Si el consumo es subjetivación de objetividad,
como decía Marx, una tematización científica debiera de dar cuenta qué tipo de
objetividad es la que se subjetiva en el consumo capitalista. Si hay algo que
jamás ha prosperado en el marxismo es la teoría del fetichismo que emprende
Marx mismo a la hora de hacer la crítica a todo el “sistema de categorías de la
economía burguesa”. Por ello el análisis que hacen los marxistas de la mercancía
se reduce a su aparecer fenoménico. Entonces, ¿por qué el capitalismo y, en
particular, el desarrollismo, es lo único que se vislumbra en las finalidades
económicas de los gobiernos progresistas? Responder a esta interrogante pasa
por definir en aquello en lo que consiste la descolonización, pues de lo que se
trata es de mostrar los límites cognitivos que impone el horizonte del cual,
inconscientemente, parten sus ideólogos.
Cuando exponemos la crítica des-colonial, no nos
referimos a una colonización clásica sino al modo específico de naturalización
de la dominación que ha producido la modernidad. Para ello debemos constituir
todo un marco categorial que pueda mostrar el cómo las pretendidas
emancipaciones acaban, o en reponer la dominación existente, o inaugurar nuevos
tipos de dominación. Ya no se trata de la reducción a condición tributaria de
las colonias, lo cual sólo exigiría una independencia de carácter formal; la
“tributación” moderna no es sólo material sino que se trata de una transferencia
sistemática de humanidad, es decir, de subjetividad: la transferencia de
plusvalor es sólo posible porque ese plus es, en realidad, humanidad negada que
se infravaloriza a medida que transfiere plus-vida. La periferia alimenta al
primer mundo no sólo con materias primas o recursos energéticos sino con
subjetividad transferida (o sea, cesión de voluntad de vida) como valor
contenido.
Y esto tiene que ver también con el consumo,
pues el consumo moderno es uno de los más acabados operadores de esta transferencia
de subjetividad, pues lo que se realiza en el consumo no es sólo la ganancia
sino la verdadera objetividad, o sea, la forma de vida contenida en la
mercancía. Entonces, en la dialéctica producción-consumo es donde podemos
encontrar la naturalización de una realidad (como máxima objetividad) que
produce y desarrolla el capitalismo, esto es, la forma de vida moderna.

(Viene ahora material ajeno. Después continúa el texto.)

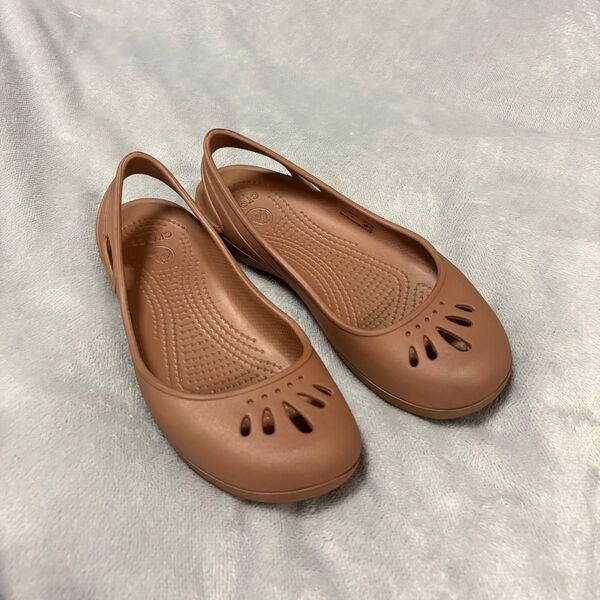 明日投稿ラスト 美品 crocs クロックス マリンディ W6 ダークベージュ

Afirmada inconscientemente la modernidad, el
desarrollo aparece como lo único deseable, incluso para la periferia. Por eso
la condición periférica retrata una condición subjetiva que constituye una
“consciencia periférica” cuyo centro jamás es ella misma y, por eso, sólo puede
describir un “movimiento existencial de carácter satelital”. Esta condición es
la que la sume en una suerte fatídica, que la condena a no dejar de ser
periferia y buscar siempre un centro de referencia ajeno a ella. A esto
denominamos “colonialidad subjetivada”, es decir, la naturalización de la
dominación que constituye sistema de creencias en la “consciencia periférica”,
y que conforma el modo de relación pertinente para sostener y legitimar la
objetividad reinante. Por ello, a la pregunta, ¿por qué el capitalismo no
termina por desmoronarse?, habría que responder con otra pregunta: ¿hasta qué
punto el horizonte de expectativas que insiste la humanidad sigue siendo
moderno? Pues hay que decir que el mundo es también un estado de consciencia y
la objetividad del mundo sólo puede seguir siendo objetiva si se encuentra en
correspondencia con una subjetividad que es, en última instancia y siempre, la
creadora de toda objetividad.
Puede el mundo que conocemos desmoronarse
fácticamente pero, si la consciencia persiste en creer en ese mundo, entonces
el mundo halla en esa creencia la legitimidad suficiente para reponerse. Por eso
necesita hacer uso de las banderas que abrazan los oprimidos para legitimar un
nuevo ciclo expansivo. La última aventura la impulsó el postmodernismo y, pese
a su caducidad temprana, contaminó con un relativismo radical casi todas las
apuestas emancipatorias, fragmentado las luchas populares y desmovilizando todo
desiderátum utópico mediante un empoderamiento beligerante en todos los ámbitos
de las luchas populares. Esto formó parte de una estrategia ideológica de
cooptación de los movimientos populares, mediante la promoción de ideologías
aparentemente revolucionarias pero que, al modo de los virus inteligentes, son
activados una vez que hacen nido en la lucha popular, teniendo como misión la
desarticulación del pueblo, su fragmentarización y la reducción de la lucha
popular a demandas de carácter coyuntural.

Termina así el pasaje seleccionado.